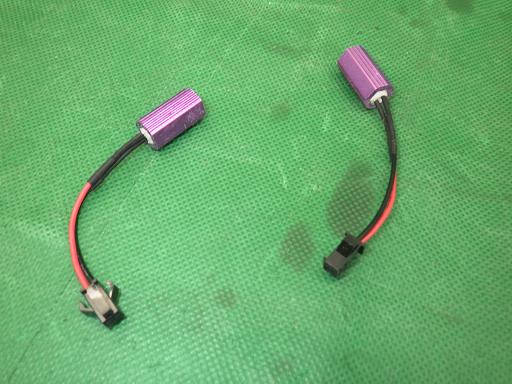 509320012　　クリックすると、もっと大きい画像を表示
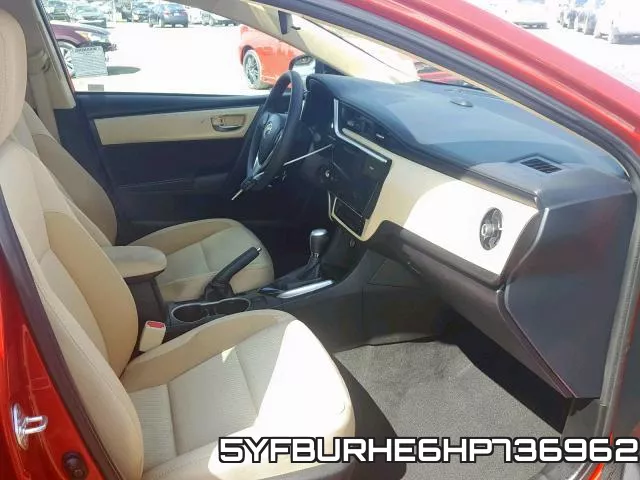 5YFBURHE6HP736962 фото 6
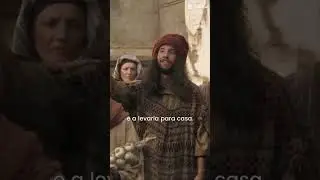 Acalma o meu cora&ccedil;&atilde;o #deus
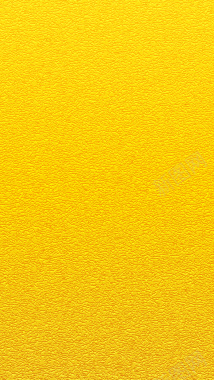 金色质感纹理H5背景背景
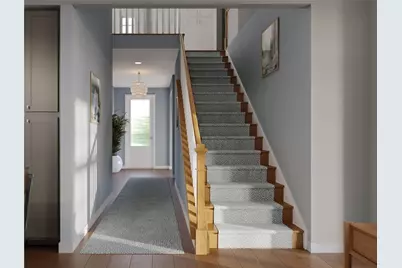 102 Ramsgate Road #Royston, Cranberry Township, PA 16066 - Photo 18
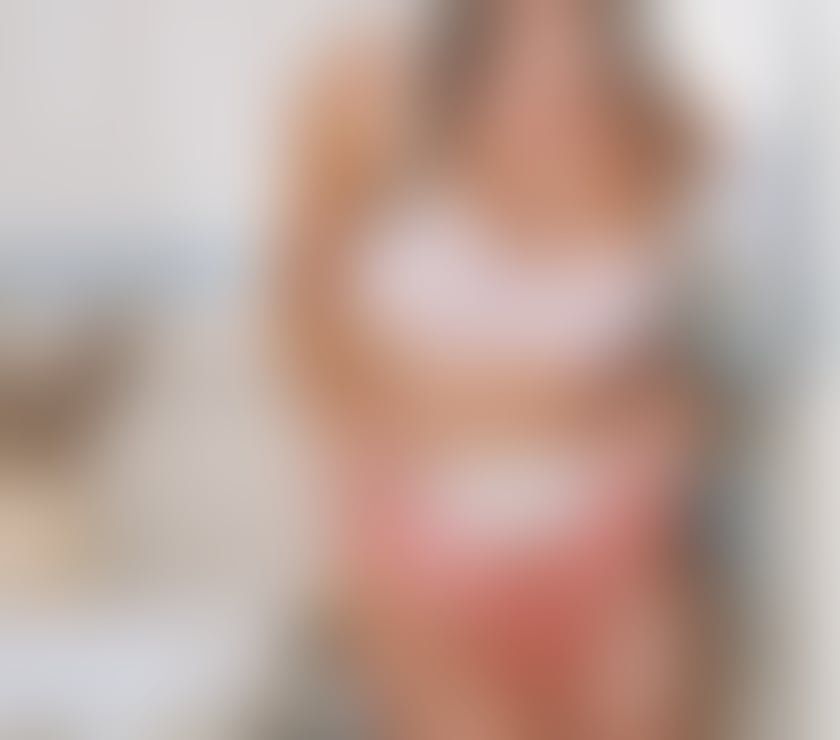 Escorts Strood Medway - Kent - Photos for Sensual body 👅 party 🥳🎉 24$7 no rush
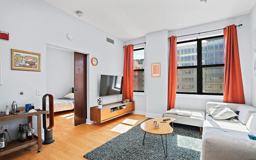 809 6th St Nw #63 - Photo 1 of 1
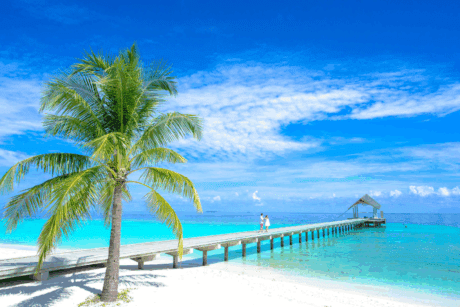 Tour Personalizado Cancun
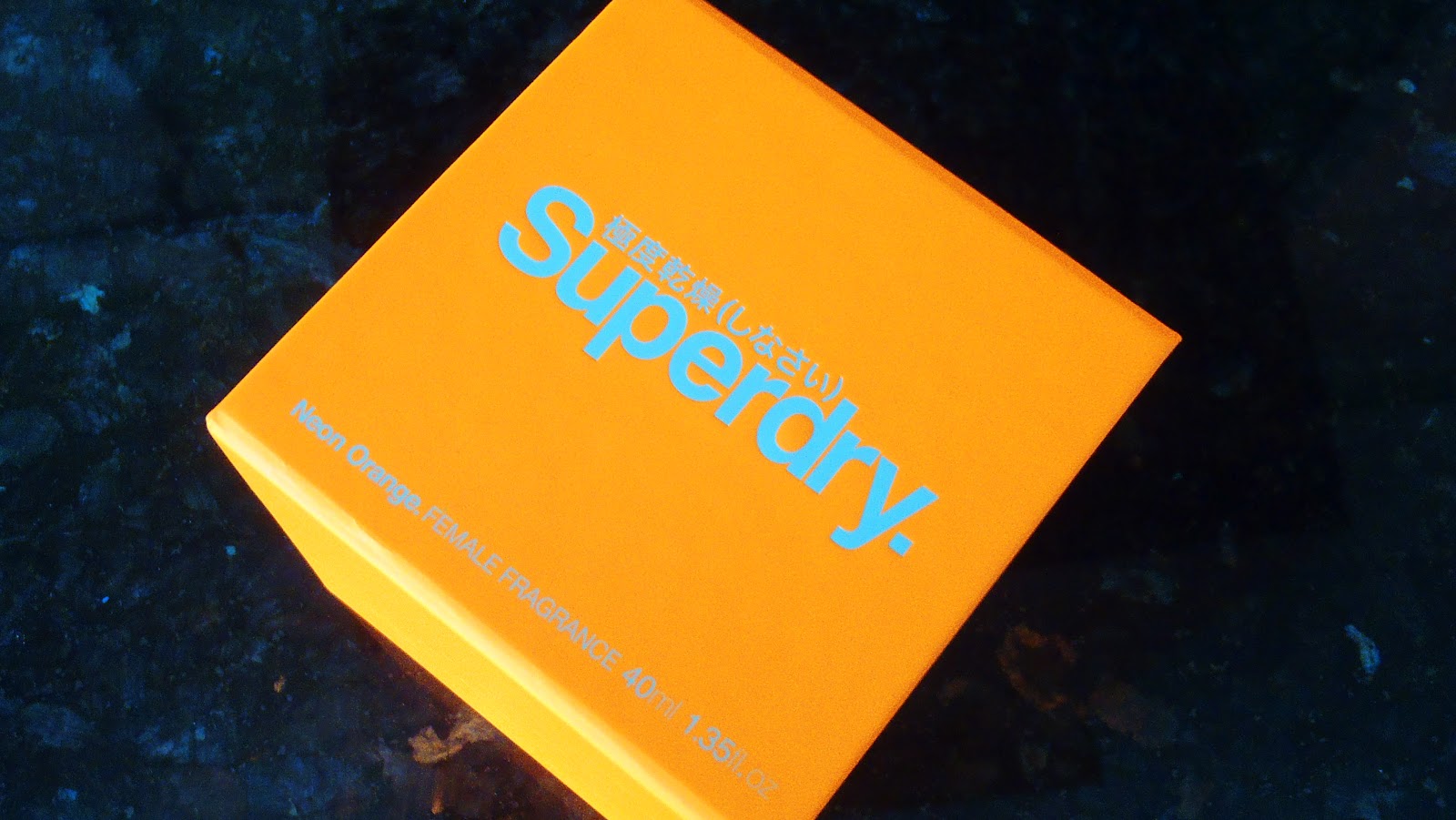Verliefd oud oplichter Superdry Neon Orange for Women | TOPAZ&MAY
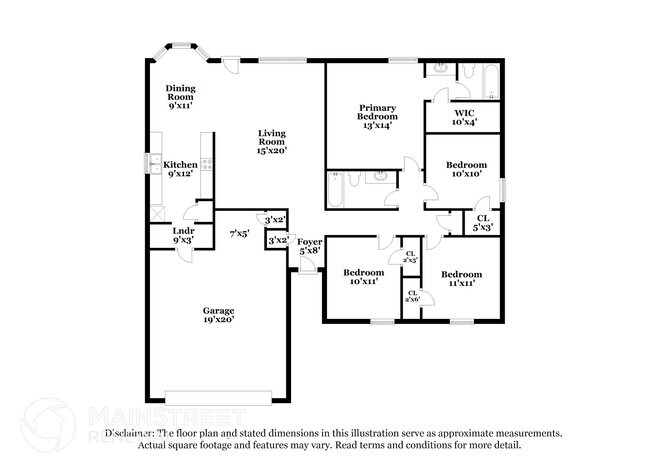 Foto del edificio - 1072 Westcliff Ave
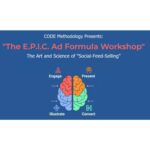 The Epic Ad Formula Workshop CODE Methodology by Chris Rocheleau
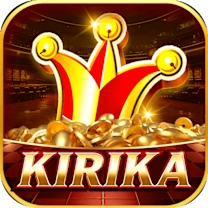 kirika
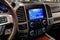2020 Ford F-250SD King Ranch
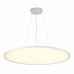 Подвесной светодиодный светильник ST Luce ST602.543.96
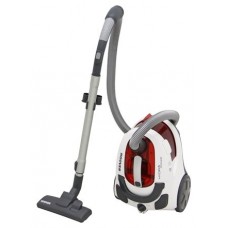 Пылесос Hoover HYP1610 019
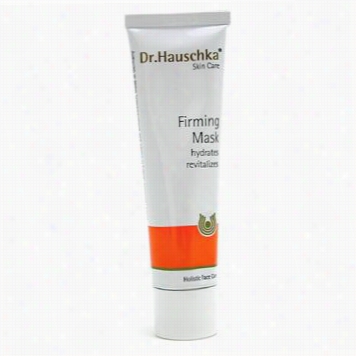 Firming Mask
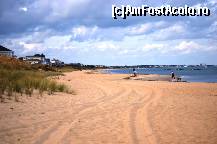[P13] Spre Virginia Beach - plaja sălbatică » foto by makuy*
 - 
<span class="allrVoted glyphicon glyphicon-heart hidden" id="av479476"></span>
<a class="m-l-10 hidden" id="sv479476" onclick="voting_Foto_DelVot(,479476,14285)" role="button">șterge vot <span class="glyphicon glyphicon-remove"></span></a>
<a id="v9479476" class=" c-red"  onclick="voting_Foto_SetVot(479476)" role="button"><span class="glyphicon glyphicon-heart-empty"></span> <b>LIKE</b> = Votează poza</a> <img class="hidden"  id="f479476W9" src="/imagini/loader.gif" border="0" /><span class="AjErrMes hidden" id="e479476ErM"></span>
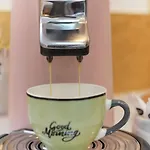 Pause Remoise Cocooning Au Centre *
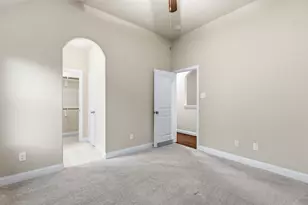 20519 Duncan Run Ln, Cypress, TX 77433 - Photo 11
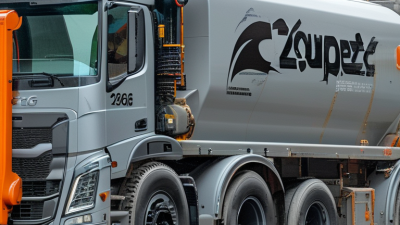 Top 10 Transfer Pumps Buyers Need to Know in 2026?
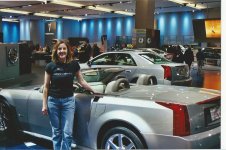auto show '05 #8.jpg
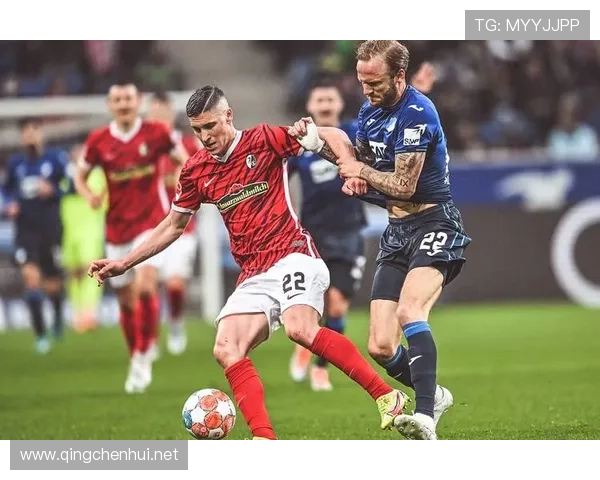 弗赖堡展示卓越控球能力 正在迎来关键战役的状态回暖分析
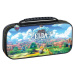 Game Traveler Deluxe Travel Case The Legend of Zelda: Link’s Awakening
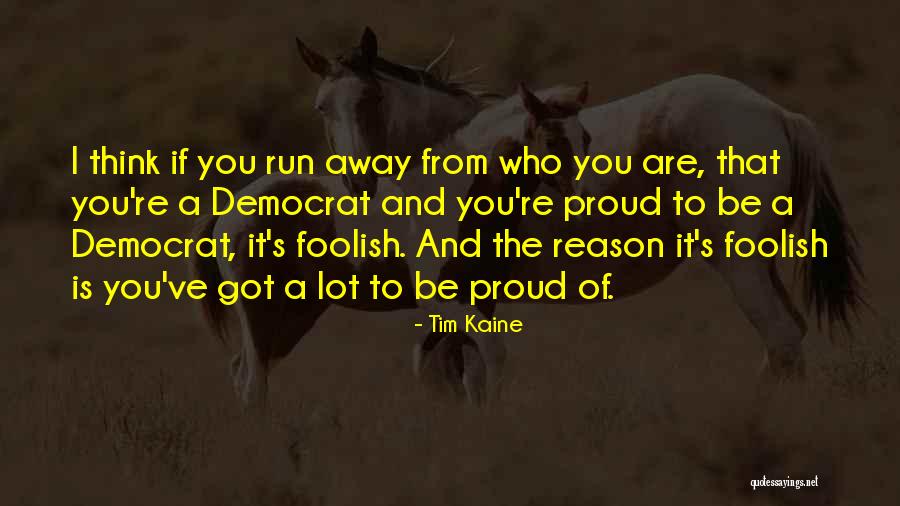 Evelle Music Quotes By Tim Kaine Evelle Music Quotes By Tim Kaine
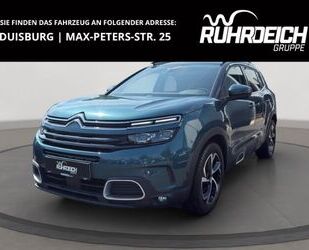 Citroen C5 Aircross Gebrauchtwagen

——————————

* [The task]:
Output only the lines above from the line that holds "Foto del edificio - 1072 Westcliff Ave" through the line that holds "Firming Mask", both ends included, and exclude pictures.

* [The answer]:
 Foto del edificio - 1072 Westcliff Ave
 The Epic Ad Formula Workshop CODE Methodology by Chris Rocheleau
 kirika
2020 Ford F-250SD King Ranch
 Подвесной светодиодный светильник ST Luce ST602.543.96
 Пылесос Hoover HYP1610 019
 Firming Mask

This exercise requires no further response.